EXERCISE AIM -> Find the line containing "weraksalas's profile banner image", then print it and each following line through the end of the records, exactly and with nothing added; leave out any pictures.

SUPPLIED INFORMATION ->
—————

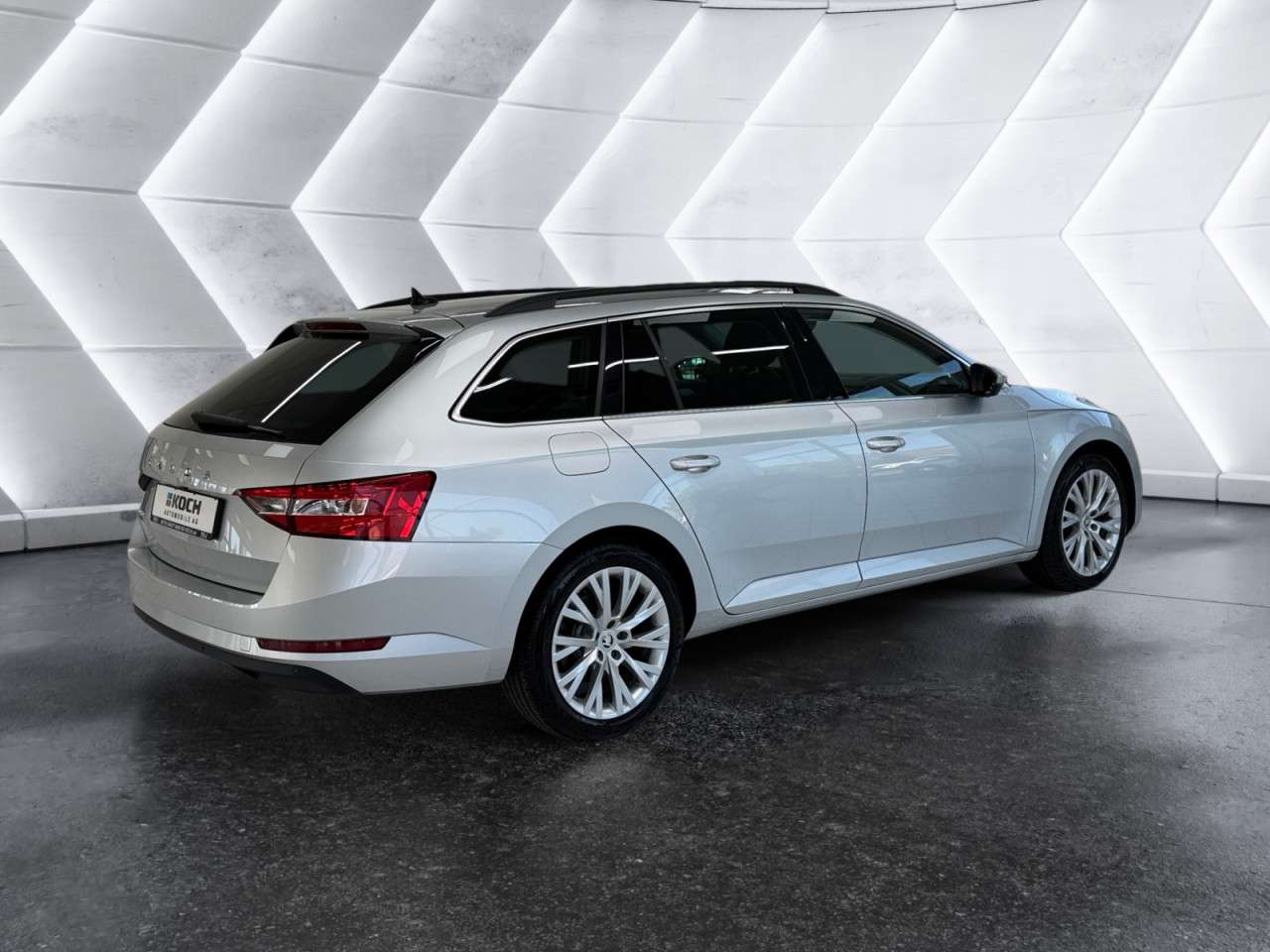 Fahrzeugbild eines Skoda Superb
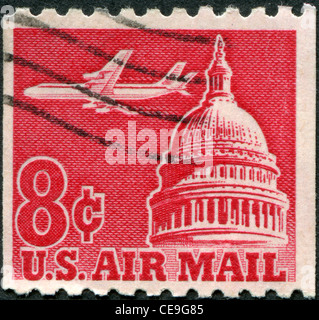 USA - ca. 1962: Eine Briefmarke gedruckt in den USA, zeigt einen Jet Airliner (Douglas DC-8) über Capitol, ca. 1962 Stockfoto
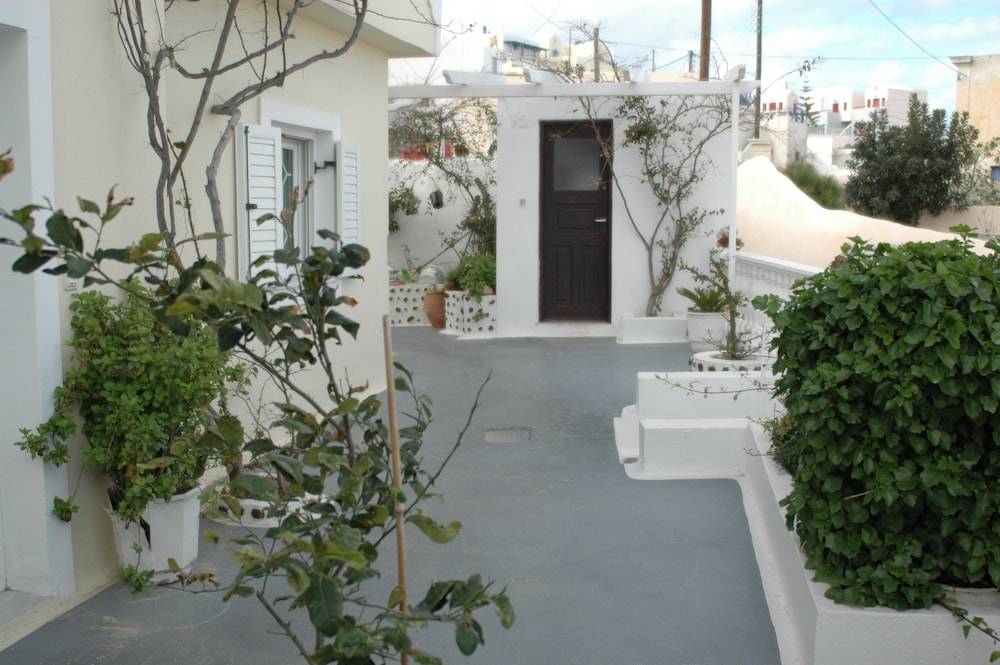 Vinas Place City Center 1
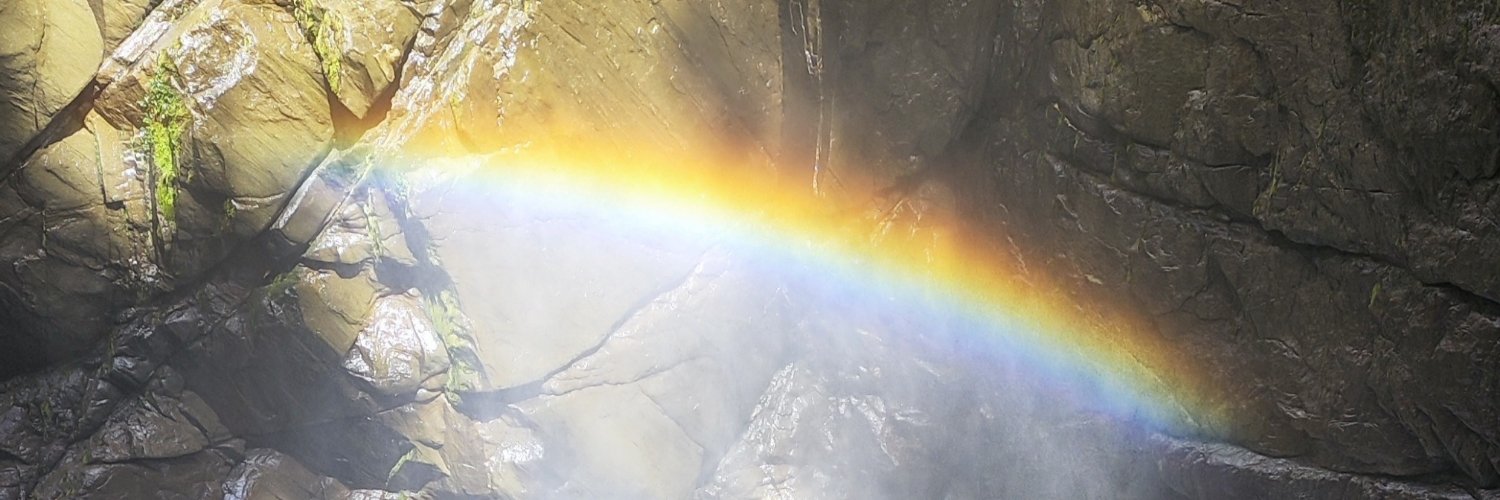weraksalas's profile banner image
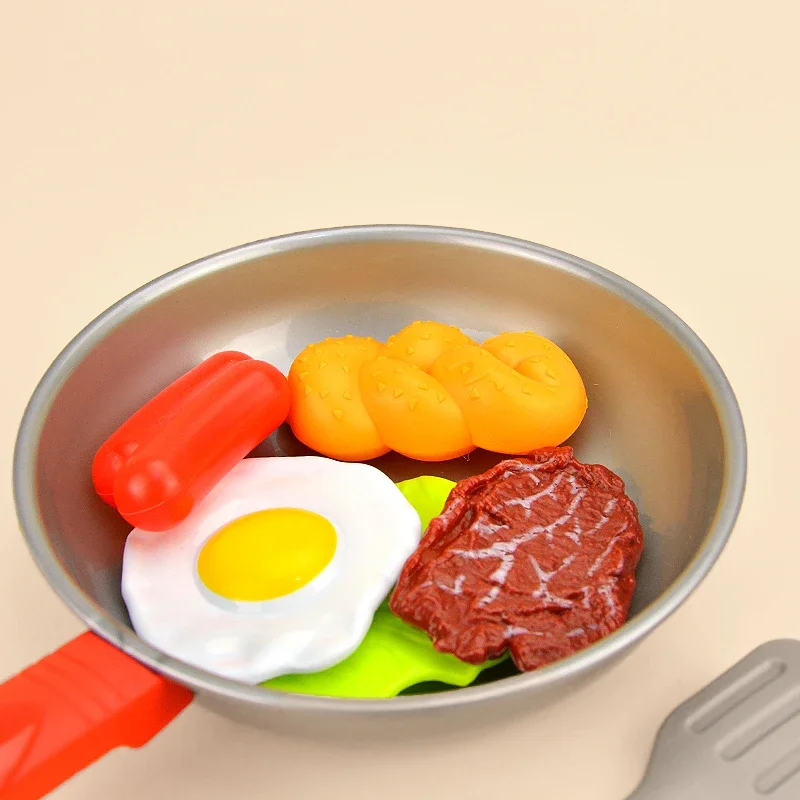 Set di padelle di simulazione per giocattoli da cucina per bambini con bistecche di verdure e diversi alimenti per ragazze e ragazzi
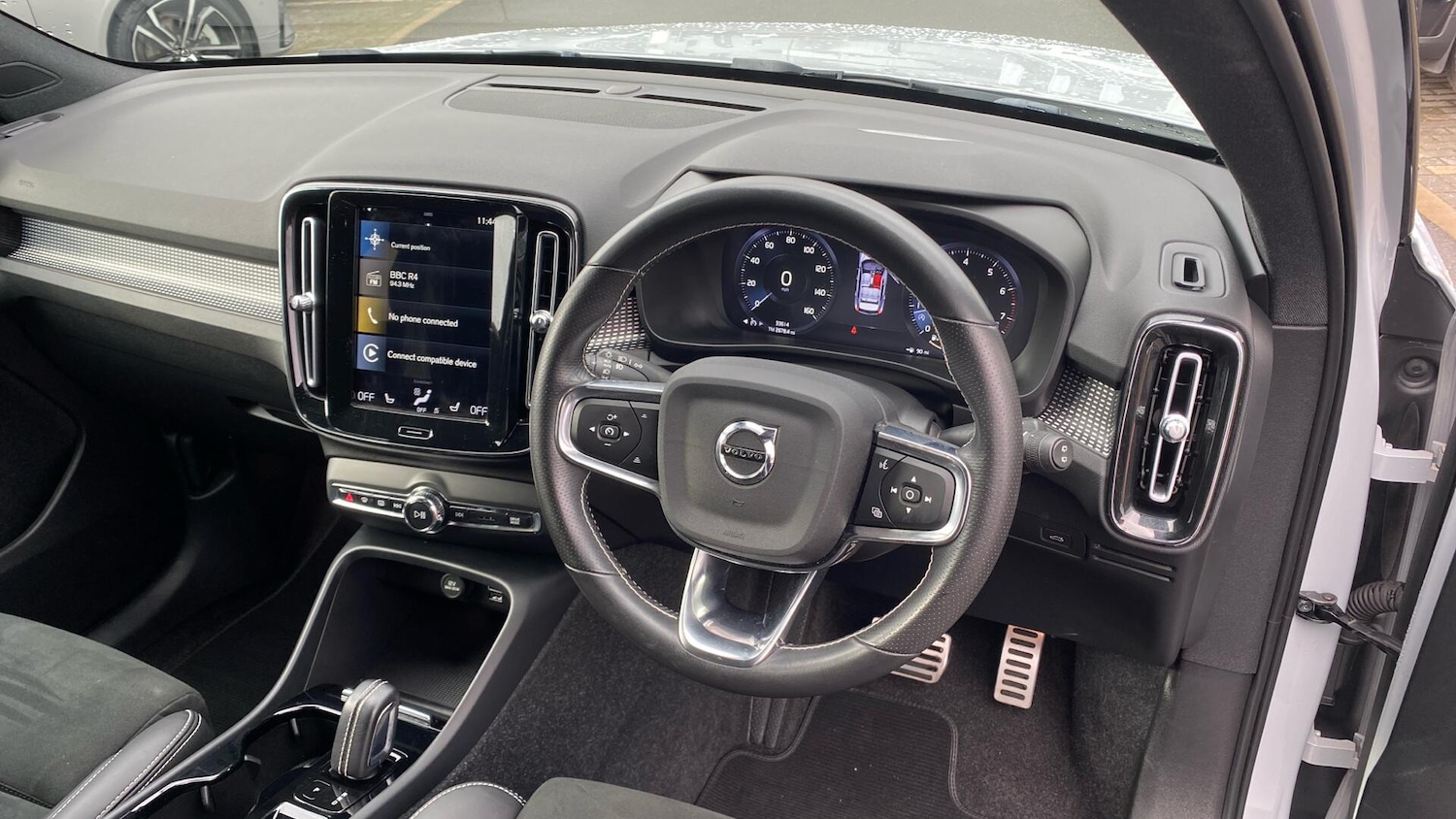 Used Volvo XC40 2021 for sale - 76349836: Photo 5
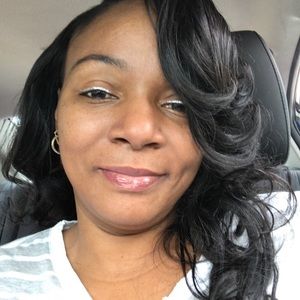 Meet your Posher, Rashida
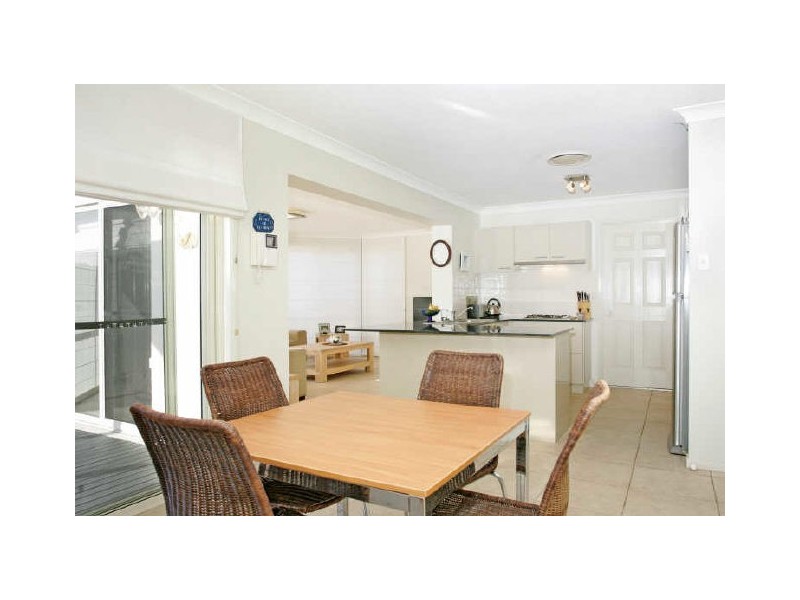 2 Bataan Cct, Bateau Bay NSW 2261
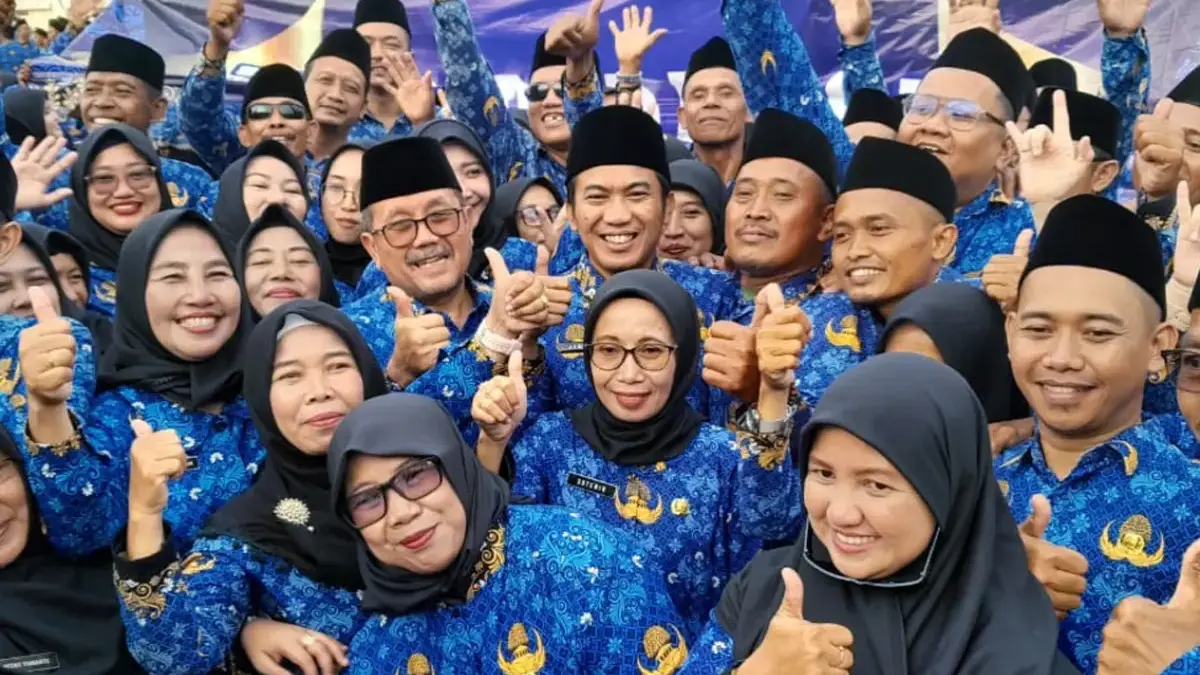 Bupati Cirebon Drs H Imron MAg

—————

YOUR SOLUTION ->
weraksalas's profile banner image
 Set di padelle di simulazione per giocattoli da cucina per bambini con bistecche di verdure e diversi alimenti per ragazze e ragazzi
 Used Volvo XC40 2021 for sale - 76349836: Photo 5
 Meet your Posher, Rashida
 2 Bataan Cct, Bateau Bay NSW 2261
 Bupati Cirebon Drs H Imron MAg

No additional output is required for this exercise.